Filed under: GICKERS, Uncategorized | Tags: architecture, art books, artist biographies, book reviews, frank lloyd wright, literature
As I’ve noted previously in this blog, I love art biographies. While an undergraduate art student, I memorized a few dates, locations, and names of buildings designed by Frank Lloyd Wright, but never knew much about him, so I recently read Meryle Secrest’s Frank Lloyd Wright: A Biography.
Based on Secrest’s account, I now picture FLW as an intolerant, delusional a**hole who thought his artistic talents an excuse for abhorrent treatment of friends, family, and business partners. Strangely though, the a**hole became slightly more loveable as I finished the book. I admired his vision and stalwartness (is that a word?), but find it hard to imagine a person so oblivious to others.
I often fold down the corners of book pages when I read something that I may want to reference again. Here’s what I bookmarked in Secrest’s FLW biography (page numbers are based on the 1992 University of Chicago Press paperback edition):
Page 114: Writing about the “American house” around the turn of the century (19th to 20th), Secrest quotes FLW as saying, “It was vulgar, wickedly extravagant, a national waste, ‘a moral, social, aesthetic excrement.’” Later in the paragraph Secrest writes that the first argument between FLW and his first wife Kitty came “as she objected to his plans to inscribe ‘mottoes’ around their house, and he just as heatedly insisted. What he wanted were daily exhortations, reminders of right matters, right morals, right reflections upon the nature of things. Despite her, he managed to have ‘Truth Is Life!’ carved over the fireplace of their first living room.”
I’m not sure if I folded this page because of the wonderful phrase “moral, social, aesthetic excrement,” or because FLW would say such things and then insist on emblazoning his home with cheesy inspirational sayings.
Page 186: “For Americans oriented toward the Arts and Crafts Movement, Japan offered ‘the example of an indigenous culture that embodied the organic quality they found in the middle ages,’ as Richard Guy Wilson wrote.”
Yes Secrest is quoting Wilson, but I’m collecting sentences by writers who may or may not realize their verbage makes me snicker, and the “oriented toward … Japan” is a good one.
Page 429: “[FLW] would argue a point vehemently until she [his third wife], to end the fight, would drop her opposition.

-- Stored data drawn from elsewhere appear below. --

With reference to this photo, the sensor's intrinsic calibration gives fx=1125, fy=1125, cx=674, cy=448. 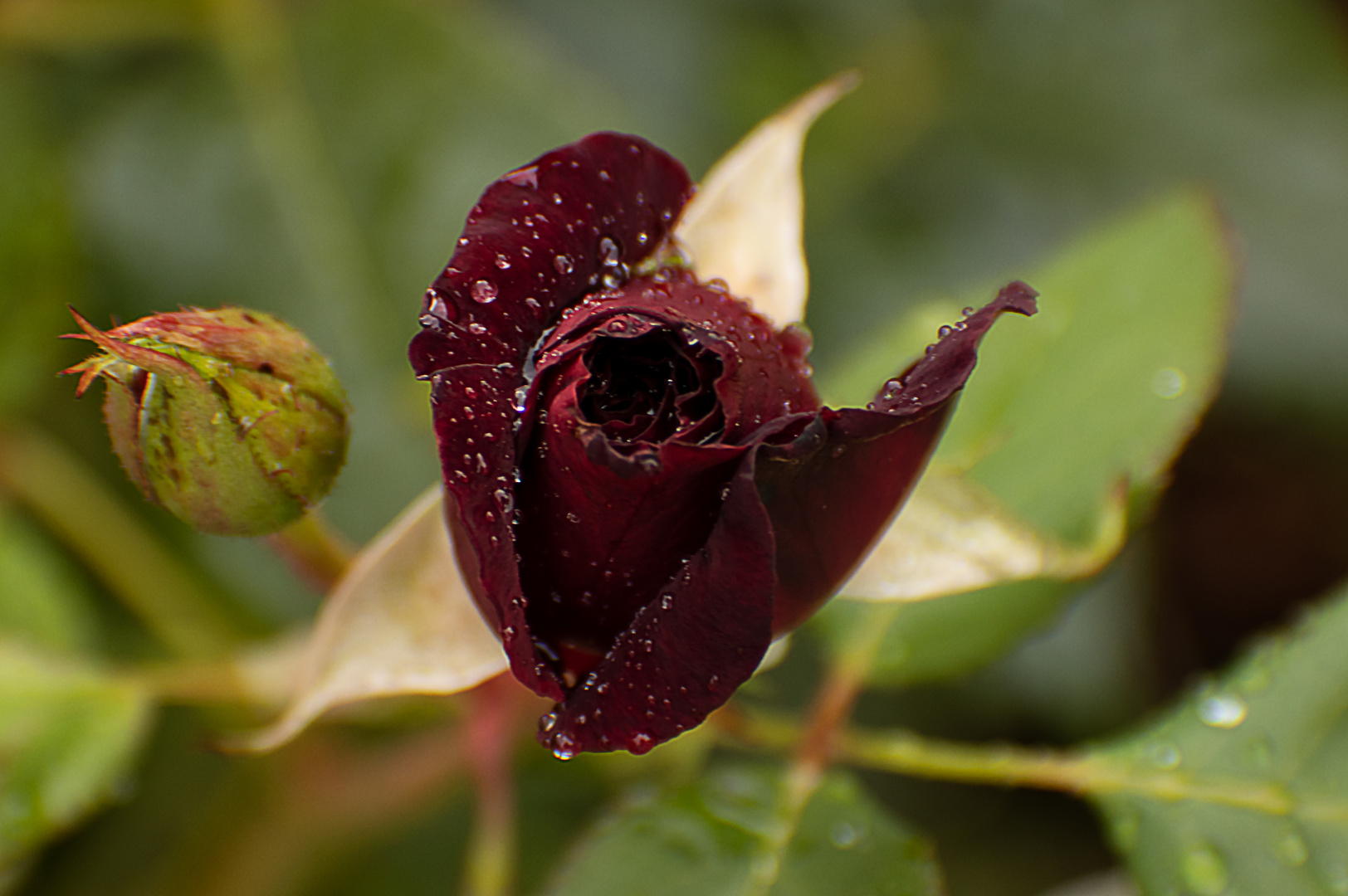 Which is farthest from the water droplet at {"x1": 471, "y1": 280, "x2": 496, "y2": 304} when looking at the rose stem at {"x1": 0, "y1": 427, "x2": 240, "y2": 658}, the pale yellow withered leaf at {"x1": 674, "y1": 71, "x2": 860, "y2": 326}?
the rose stem at {"x1": 0, "y1": 427, "x2": 240, "y2": 658}

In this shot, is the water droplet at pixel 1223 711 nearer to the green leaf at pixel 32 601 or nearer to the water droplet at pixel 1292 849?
the water droplet at pixel 1292 849

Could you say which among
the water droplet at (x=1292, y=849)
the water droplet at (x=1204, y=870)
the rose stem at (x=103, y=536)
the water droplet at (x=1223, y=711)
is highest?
the water droplet at (x=1223, y=711)

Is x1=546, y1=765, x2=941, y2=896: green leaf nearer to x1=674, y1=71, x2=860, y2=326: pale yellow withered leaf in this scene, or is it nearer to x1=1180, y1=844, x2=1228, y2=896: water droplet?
x1=1180, y1=844, x2=1228, y2=896: water droplet

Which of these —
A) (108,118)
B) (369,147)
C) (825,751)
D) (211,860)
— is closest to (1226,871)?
(825,751)

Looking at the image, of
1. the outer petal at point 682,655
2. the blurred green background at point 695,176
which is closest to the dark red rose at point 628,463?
the outer petal at point 682,655

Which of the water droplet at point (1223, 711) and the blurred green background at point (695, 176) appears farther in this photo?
the blurred green background at point (695, 176)

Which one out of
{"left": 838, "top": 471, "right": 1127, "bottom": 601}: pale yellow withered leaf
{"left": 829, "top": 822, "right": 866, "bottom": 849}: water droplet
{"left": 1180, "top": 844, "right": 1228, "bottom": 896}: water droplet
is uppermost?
{"left": 838, "top": 471, "right": 1127, "bottom": 601}: pale yellow withered leaf

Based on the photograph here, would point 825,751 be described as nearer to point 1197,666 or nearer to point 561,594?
point 561,594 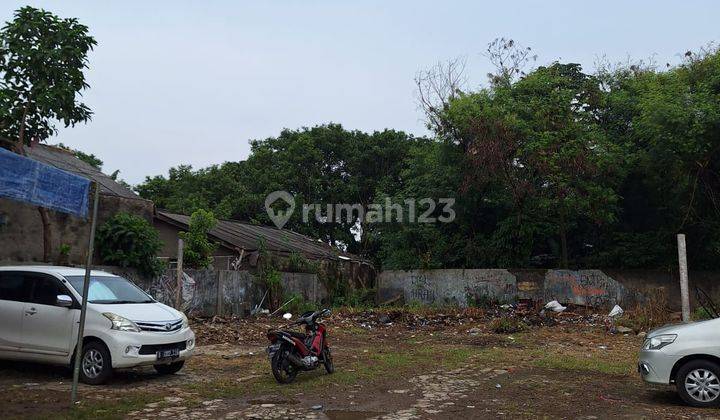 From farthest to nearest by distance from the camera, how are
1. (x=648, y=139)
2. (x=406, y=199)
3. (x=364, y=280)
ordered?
(x=364, y=280) < (x=406, y=199) < (x=648, y=139)

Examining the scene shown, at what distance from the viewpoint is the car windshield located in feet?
30.0

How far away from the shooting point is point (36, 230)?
47.3 feet

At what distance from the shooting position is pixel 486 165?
20.4 metres

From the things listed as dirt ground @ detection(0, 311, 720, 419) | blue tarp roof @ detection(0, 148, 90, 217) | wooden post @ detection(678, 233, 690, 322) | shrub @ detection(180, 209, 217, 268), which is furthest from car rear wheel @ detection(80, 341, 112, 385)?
wooden post @ detection(678, 233, 690, 322)

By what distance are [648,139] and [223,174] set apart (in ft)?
72.2

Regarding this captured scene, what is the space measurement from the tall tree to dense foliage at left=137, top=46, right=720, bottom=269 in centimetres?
1198

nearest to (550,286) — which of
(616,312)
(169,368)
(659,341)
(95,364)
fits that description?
(616,312)

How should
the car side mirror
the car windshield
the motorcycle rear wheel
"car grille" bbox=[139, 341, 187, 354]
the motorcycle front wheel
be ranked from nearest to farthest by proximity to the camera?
"car grille" bbox=[139, 341, 187, 354] < the car side mirror < the motorcycle front wheel < the car windshield < the motorcycle rear wheel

Sometime later, having changed his mind, he would chastise her for having allowed him to make such a fool of himself.”
I think I folded down this page because this seemed like typical a**hole behavior that I can regretfully see myself having been guilty of, but that I hope I’ve removed from my repertoire. Secrest writes like a psychoanalyst, and this is a good example of what she does well.
That’s it! There were a few other folded-down pages that left me wondering why they were folded down, or couldn’t sum them up in this blog post. I finished the book a couple of months ago and was happy I did. Secrest writes pretty well, but not so well that you’d read the book if you weren’t interested in the subject. Sorry Secrest, but I’m comparing you to my favorites like Borges, who could write about the hair growing out of his nose and I’d be thrilled.
Anyone else read Secrest’s FLW book?